SANAA // Yemen's Al Qaeda offshoot yesterday released 73 soldiers who had been captured by its fighters during battles with government forces.
Human-rights activists said the release comes after three days of mediation by tribal elders and clerics who convinced the militants - known locally as "Ansar Al Sharia" or Partisans of Islamic Law - to set the soldiers free. The militants had threatened to execute them.
The soldiers were freed in the city of Jaar in the province of Abyan in a ceremony attended by top leaders of Al Qaeda in Yemen, including Qasim Al Raimi, the military leader, said Musa Al Namrani, a human-rights activist who attended the event.

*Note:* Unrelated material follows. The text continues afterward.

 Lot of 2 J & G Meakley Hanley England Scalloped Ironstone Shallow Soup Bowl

The soldiers were captured in early March during an offensive on the city of Zinjibar in which more than 150 other soldiers were killed.

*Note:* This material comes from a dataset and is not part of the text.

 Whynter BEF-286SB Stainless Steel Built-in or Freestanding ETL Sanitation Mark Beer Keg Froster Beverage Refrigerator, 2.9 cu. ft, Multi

Negotiators said the release took place after the mediators asked government authorities to halt army attacks on the city, which the militants seized last year and is now one of their primary strongholds.

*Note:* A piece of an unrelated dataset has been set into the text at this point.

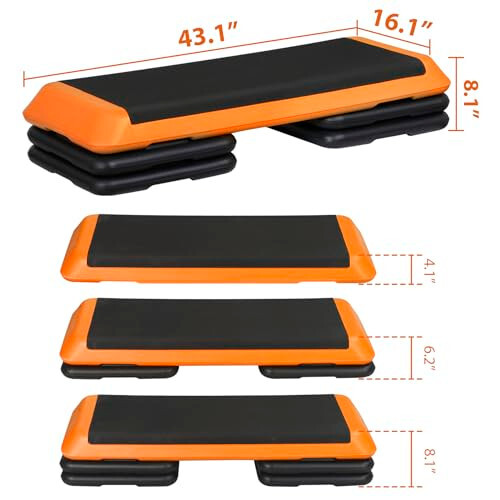 43" Workout Aerobic Exercise Step Platform, Adjustable Aerobic Steppers for Exer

The militants said in a statement late on Saturday that Nasser Al Wuhayshi, the leader of Al Qaeda in Yemen, had authorised the soldiers' release after negotiations with tribal elders and clerics who visited Jaar.
The soldiers pledged in writing not to fight against Al Qaeda again. They were seen leaving in a lorry and private cars for the city of Aden.
Meanwhile, at least three Al Qaeda militants were killed yesterday in a suspected US drone strike on their vehicle in the northern province of Al Jawf, said local officials and residents.